- **AIM OF THE TASK**
Retype each entry exactly as written, and keep the pictures out of the copy.

- **SOURCE MATERIAL**
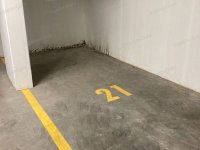 Eladó garázs, Győrött 6.9 M Ft / költözzbe.hu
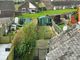 Thumbnail Terraced house for sale in Abbey Street, Newcastle, Staffordshire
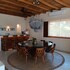 casa punta coco adults only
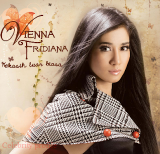 Biography Vienna Fridiana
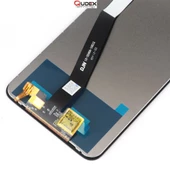 Xiaomi Redmi 9 Lcd Ekran Dokunmatik (502929014) - 2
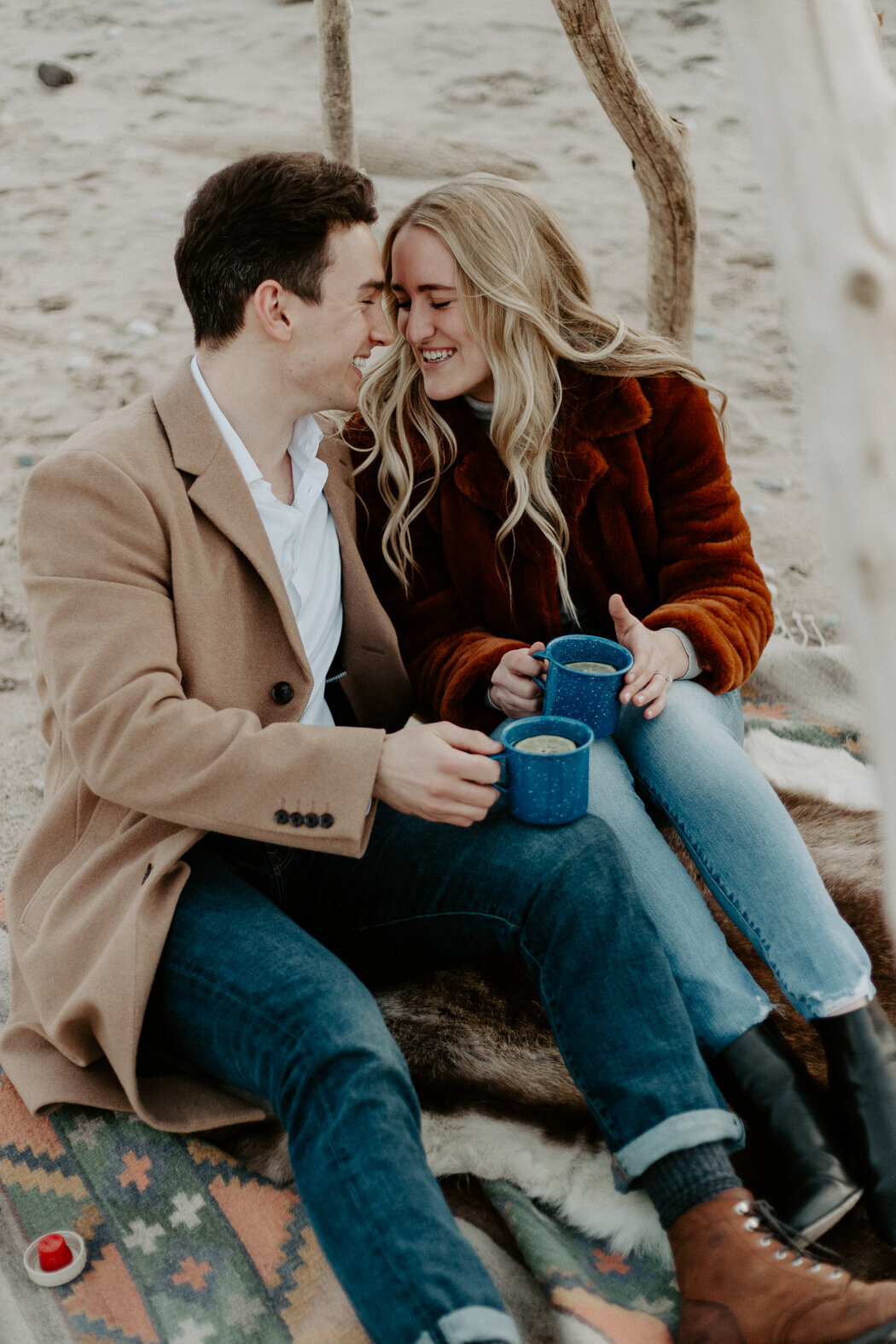 wedding-photographers-milwaukee-engagement-4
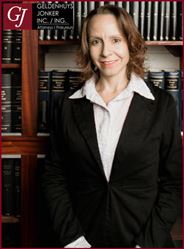 Christa  Bredenhann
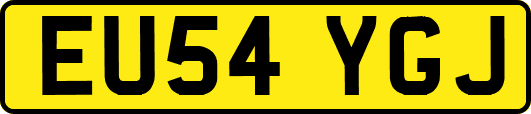 EU54YGJ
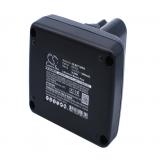 Batterie  bosch bat420 12-volt max tools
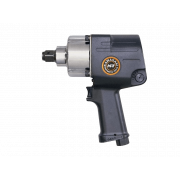 Súng vặn bu lông Kawasaki KPT-285P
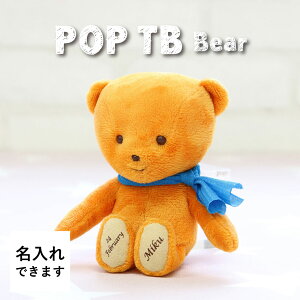 |bvTB4S [m[vg/Бvg/vg] POPTB ~jefBxA a v[g  t IWi }XRbg L[z_[ ʂ Mtg ̎q j̎q  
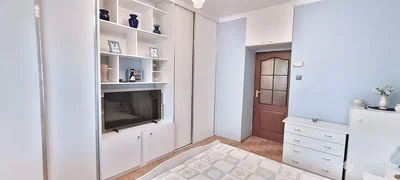 Остало
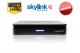 LinkBox Mini HD Skylink Ready
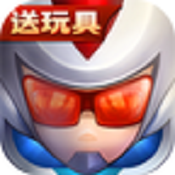 赛尔号王者归来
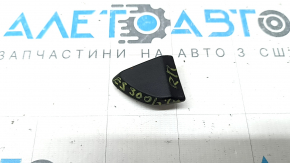 Заглушка внешней ручки двери задней правой Lexus ES 19-26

- **RESULT OF THIS EXERCISE**
 Eladó garázs, Győrött 6.9 M Ft / költözzbe.hu
 Thumbnail Terraced house for sale in Abbey Street, Newcastle, Staffordshire
 casa punta coco adults only
 Biography Vienna Fridiana
 Xiaomi Redmi 9 Lcd Ekran Dokunmatik (502929014) - 2
 wedding-photographers-milwaukee-engagement-4
 Christa  Bredenhann
 EU54YGJ
 Batterie  bosch bat420 12-volt max tools
 Súng vặn bu lông Kawasaki KPT-285P
 |bvTB4S [m[vg/Бvg/vg] POPTB ~jefBxA a v[g  t IWi }XRbg L[z_[ ʂ Mtg ̎q j̎q  
 Остало
 LinkBox Mini HD Skylink Ready
 赛尔号王者归来
 Заглушка внешней ручки двери задней правой Lexus ES 19-26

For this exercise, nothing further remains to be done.